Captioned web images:
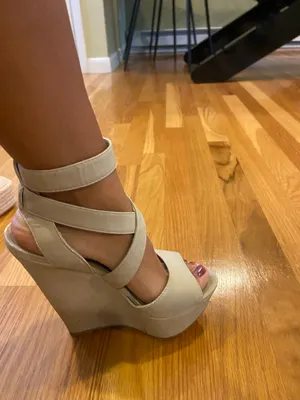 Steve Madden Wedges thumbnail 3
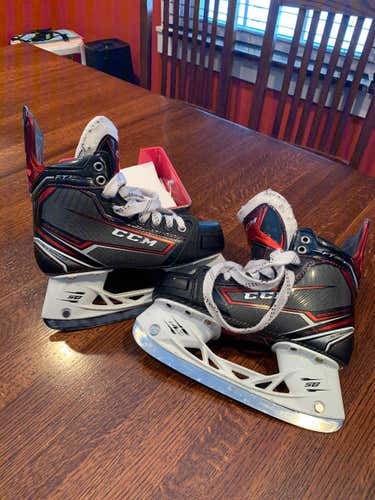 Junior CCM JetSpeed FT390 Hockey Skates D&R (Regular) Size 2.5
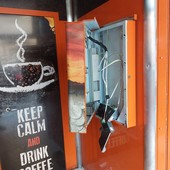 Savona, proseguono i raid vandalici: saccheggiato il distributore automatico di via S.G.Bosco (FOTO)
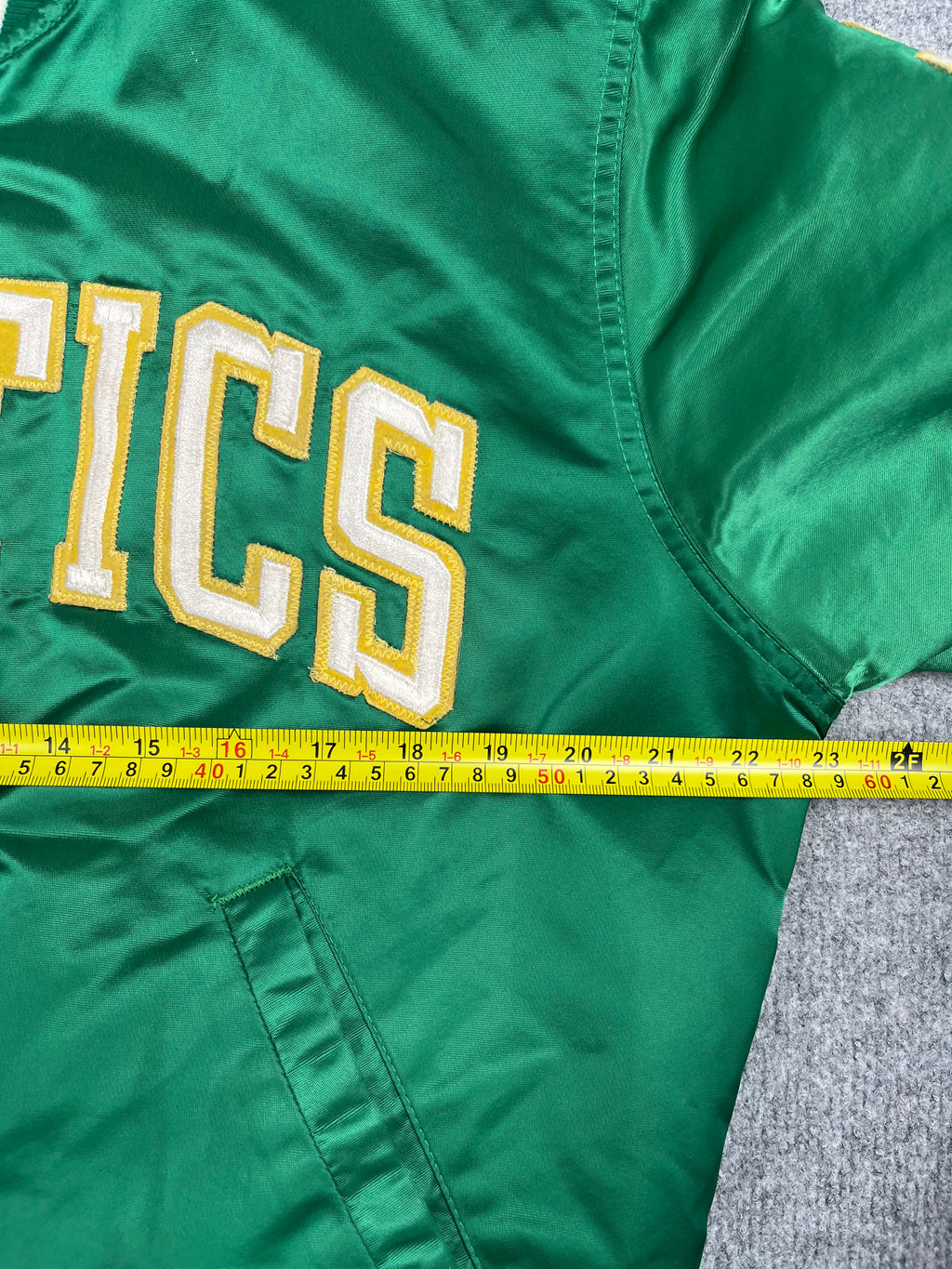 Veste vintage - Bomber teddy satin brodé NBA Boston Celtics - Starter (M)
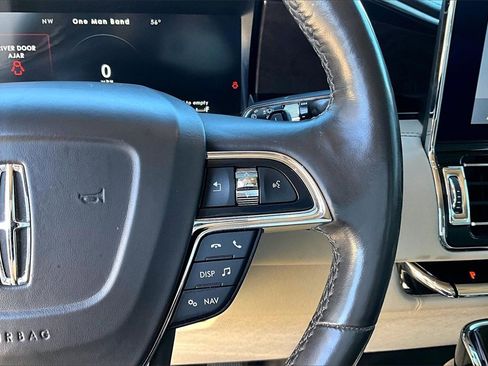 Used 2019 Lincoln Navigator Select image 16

▶ _Your objective_: Drop the images and quote the entries word for word.

▶ _The completed task_:
 Steve Madden Wedges thumbnail 3
 Junior CCM JetSpeed FT390 Hockey Skates D&R (Regular) Size 2.5
 Savona, proseguono i raid vandalici: saccheggiato il distributore automatico di via S.G.Bosco (FOTO)
 Veste vintage - Bomber teddy satin brodé NBA Boston Celtics - Starter (M)
 Used 2019 Lincoln Navigator Select image 16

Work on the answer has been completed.